Activity: Set down the records that follow exactly and completely.
*** Opening of Dataset excerpts ***
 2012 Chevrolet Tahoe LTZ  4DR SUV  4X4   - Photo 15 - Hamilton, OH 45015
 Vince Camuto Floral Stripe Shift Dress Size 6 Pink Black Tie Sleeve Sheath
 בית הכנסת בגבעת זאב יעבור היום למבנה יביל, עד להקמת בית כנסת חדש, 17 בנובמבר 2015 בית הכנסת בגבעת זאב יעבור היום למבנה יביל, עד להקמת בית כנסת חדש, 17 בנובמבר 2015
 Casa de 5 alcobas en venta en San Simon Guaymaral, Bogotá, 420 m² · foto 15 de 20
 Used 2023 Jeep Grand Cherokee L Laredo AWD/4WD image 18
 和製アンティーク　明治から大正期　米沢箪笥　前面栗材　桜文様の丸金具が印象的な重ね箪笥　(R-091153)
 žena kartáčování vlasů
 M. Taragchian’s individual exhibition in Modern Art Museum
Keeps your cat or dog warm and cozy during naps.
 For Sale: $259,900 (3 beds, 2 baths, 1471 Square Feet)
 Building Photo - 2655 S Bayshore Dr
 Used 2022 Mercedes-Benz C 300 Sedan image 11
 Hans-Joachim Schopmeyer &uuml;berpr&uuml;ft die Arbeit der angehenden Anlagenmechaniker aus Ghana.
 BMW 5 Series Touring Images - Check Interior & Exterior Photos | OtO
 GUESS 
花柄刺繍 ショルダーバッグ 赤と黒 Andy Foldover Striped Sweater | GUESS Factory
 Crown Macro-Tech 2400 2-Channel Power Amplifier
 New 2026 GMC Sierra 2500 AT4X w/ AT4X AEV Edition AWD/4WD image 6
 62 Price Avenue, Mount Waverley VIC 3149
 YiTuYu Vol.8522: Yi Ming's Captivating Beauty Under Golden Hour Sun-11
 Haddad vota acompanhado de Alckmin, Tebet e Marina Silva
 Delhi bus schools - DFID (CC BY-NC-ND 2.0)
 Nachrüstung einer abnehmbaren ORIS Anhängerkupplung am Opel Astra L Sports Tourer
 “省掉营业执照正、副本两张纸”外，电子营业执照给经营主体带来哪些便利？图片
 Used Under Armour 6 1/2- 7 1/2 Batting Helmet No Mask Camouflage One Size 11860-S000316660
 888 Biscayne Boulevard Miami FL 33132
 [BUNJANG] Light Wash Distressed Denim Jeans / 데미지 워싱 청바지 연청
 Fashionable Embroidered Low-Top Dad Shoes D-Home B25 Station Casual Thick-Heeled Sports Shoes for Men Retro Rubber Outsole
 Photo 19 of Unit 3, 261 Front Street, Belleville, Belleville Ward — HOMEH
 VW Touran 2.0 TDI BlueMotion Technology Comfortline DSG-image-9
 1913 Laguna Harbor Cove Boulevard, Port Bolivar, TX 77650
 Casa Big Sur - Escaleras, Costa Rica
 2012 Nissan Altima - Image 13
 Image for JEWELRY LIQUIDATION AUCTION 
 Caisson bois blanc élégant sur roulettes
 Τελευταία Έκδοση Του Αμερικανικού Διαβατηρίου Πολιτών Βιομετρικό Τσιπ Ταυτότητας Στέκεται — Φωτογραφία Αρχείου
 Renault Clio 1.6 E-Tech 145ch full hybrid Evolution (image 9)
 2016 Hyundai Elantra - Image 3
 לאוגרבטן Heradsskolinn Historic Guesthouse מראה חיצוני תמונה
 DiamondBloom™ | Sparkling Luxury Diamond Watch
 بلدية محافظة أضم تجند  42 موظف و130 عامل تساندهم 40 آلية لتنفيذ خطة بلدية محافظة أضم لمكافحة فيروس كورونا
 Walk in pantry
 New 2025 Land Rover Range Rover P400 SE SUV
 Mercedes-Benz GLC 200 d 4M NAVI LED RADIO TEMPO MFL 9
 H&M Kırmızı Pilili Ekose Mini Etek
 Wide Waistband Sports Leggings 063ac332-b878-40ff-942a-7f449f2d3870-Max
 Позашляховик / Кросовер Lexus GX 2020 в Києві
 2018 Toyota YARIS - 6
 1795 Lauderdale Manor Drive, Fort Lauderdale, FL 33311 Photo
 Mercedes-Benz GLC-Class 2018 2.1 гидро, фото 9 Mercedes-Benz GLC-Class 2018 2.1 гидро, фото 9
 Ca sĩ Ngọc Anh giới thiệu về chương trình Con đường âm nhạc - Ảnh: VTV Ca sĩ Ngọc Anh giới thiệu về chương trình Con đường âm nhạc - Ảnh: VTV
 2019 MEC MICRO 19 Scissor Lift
*** Close of Dataset excerpts ***
Written answer:
 2012 Chevrolet Tahoe LTZ  4DR SUV  4X4   - Photo 15 - Hamilton, OH 45015
 Vince Camuto Floral Stripe Shift Dress Size 6 Pink Black Tie Sleeve Sheath
 בית הכנסת בגבעת זאב יעבור היום למבנה יביל, עד להקמת בית כנסת חדש, 17 בנובמבר 2015 בית הכנסת בגבעת זאב יעבור היום למבנה יביל, עד להקמת בית כנסת חדש, 17 בנובמבר 2015
 Casa de 5 alcobas en venta en San Simon Guaymaral, Bogotá, 420 m² · foto 15 de 20
 Used 2023 Jeep Grand Cherokee L Laredo AWD/4WD image 18
 和製アンティーク　明治から大正期　米沢箪笥　前面栗材　桜文様の丸金具が印象的な重ね箪笥　(R-091153)
 žena kartáčování vlasů
 M. Taragchian’s individual exhibition in Modern Art Museum
Keeps your cat or dog warm and cozy during naps.
 For Sale: $259,900 (3 beds, 2 baths, 1471 Square Feet)
 Building Photo - 2655 S Bayshore Dr
 Used 2022 Mercedes-Benz C 300 Sedan image 11
 Hans-Joachim Schopmeyer &uuml;berpr&uuml;ft die Arbeit der angehenden Anlagenmechaniker aus Ghana.
 BMW 5 Series Touring Images - Check Interior & Exterior Photos | OtO
 GUESS 
花柄刺繍 ショルダーバッグ 赤と黒 Andy Foldover Striped Sweater | GUESS Factory
 Crown Macro-Tech 2400 2-Channel Power Amplifier
 New 2026 GMC Sierra 2500 AT4X w/ AT4X AEV Edition AWD/4WD image 6
 62 Price Avenue, Mount Waverley VIC 3149
 YiTuYu Vol.8522: Yi Ming's Captivating Beauty Under Golden Hour Sun-11
 Haddad vota acompanhado de Alckmin, Tebet e Marina Silva
 Delhi bus schools - DFID (CC BY-NC-ND 2.0)
 Nachrüstung einer abnehmbaren ORIS Anhängerkupplung am Opel Astra L Sports Tourer
 “省掉营业执照正、副本两张纸”外，电子营业执照给经营主体带来哪些便利？图片
 Used Under Armour 6 1/2- 7 1/2 Batting Helmet No Mask Camouflage One Size 11860-S000316660
 888 Biscayne Boulevard Miami FL 33132
 [BUNJANG] Light Wash Distressed Denim Jeans / 데미지 워싱 청바지 연청
 Fashionable Embroidered Low-Top Dad Shoes D-Home B25 Station Casual Thick-Heeled Sports Shoes for Men Retro Rubber Outsole
 Photo 19 of Unit 3, 261 Front Street, Belleville, Belleville Ward — HOMEH
 VW Touran 2.0 TDI BlueMotion Technology Comfortline DSG-image-9
 1913 Laguna Harbor Cove Boulevard, Port Bolivar, TX 77650
 Casa Big Sur - Escaleras, Costa Rica
 2012 Nissan Altima - Image 13
 Image for JEWELRY LIQUIDATION AUCTION 
 Caisson bois blanc élégant sur roulettes
 Τελευταία Έκδοση Του Αμερικανικού Διαβατηρίου Πολιτών Βιομετρικό Τσιπ Ταυτότητας Στέκεται — Φωτογραφία Αρχείου
 Renault Clio 1.6 E-Tech 145ch full hybrid Evolution (image 9)
 2016 Hyundai Elantra - Image 3
 לאוגרבטן Heradsskolinn Historic Guesthouse מראה חיצוני תמונה
 DiamondBloom™ | Sparkling Luxury Diamond Watch
 بلدية محافظة أضم تجند  42 موظف و130 عامل تساندهم 40 آلية لتنفيذ خطة بلدية محافظة أضم لمكافحة فيروس كورونا
 Walk in pantry
 New 2025 Land Rover Range Rover P400 SE SUV
 Mercedes-Benz GLC 200 d 4M NAVI LED RADIO TEMPO MFL 9
 H&M Kırmızı Pilili Ekose Mini Etek
 Wide Waistband Sports Leggings 063ac332-b878-40ff-942a-7f449f2d3870-Max
 Позашляховик / Кросовер Lexus GX 2020 в Києві
 2018 Toyota YARIS - 6
 1795 Lauderdale Manor Drive, Fort Lauderdale, FL 33311 Photo
 Mercedes-Benz GLC-Class 2018 2.1 гидро, фото 9 Mercedes-Benz GLC-Class 2018 2.1 гидро, фото 9
 Ca sĩ Ngọc Anh giới thiệu về chương trình Con đường âm nhạc - Ảnh: VTV Ca sĩ Ngọc Anh giới thiệu về chương trình Con đường âm nhạc - Ảnh: VTV
 2019 MEC MICRO 19 Scissor Lift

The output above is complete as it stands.